** INPUT FOR THIS TASK **

• • • •

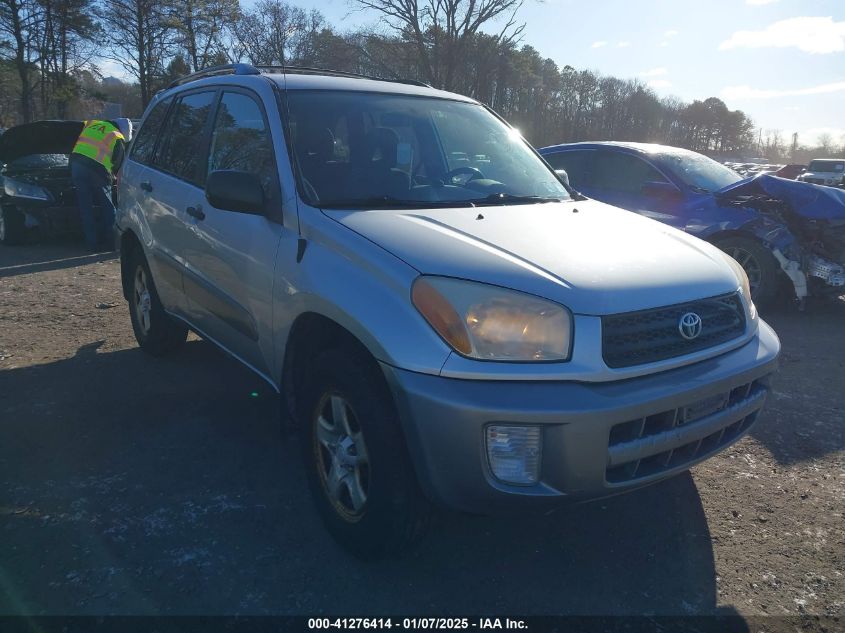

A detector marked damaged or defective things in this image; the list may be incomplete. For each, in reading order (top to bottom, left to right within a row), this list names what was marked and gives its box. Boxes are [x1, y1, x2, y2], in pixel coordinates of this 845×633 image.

wrecked vehicle [0, 119, 90, 246]
wrecked vehicle [540, 142, 844, 304]
damaged blue car [540, 142, 844, 304]
wrecked vehicle [796, 157, 844, 188]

• • • •

** TASK DETAILS **
Except for pictures, copy the records above exactly.

** RESULT BELOW **
A detector marked damaged or defective things in this image; the list may be incomplete. For each, in reading order (top to bottom, left to right within a row), this list names what was marked and gives its box. Boxes are [x1, y1, x2, y2], in pixel coordinates of this 845×633 image.

wrecked vehicle [0, 119, 90, 246]
wrecked vehicle [540, 142, 844, 304]
damaged blue car [540, 142, 844, 304]
wrecked vehicle [796, 157, 844, 188]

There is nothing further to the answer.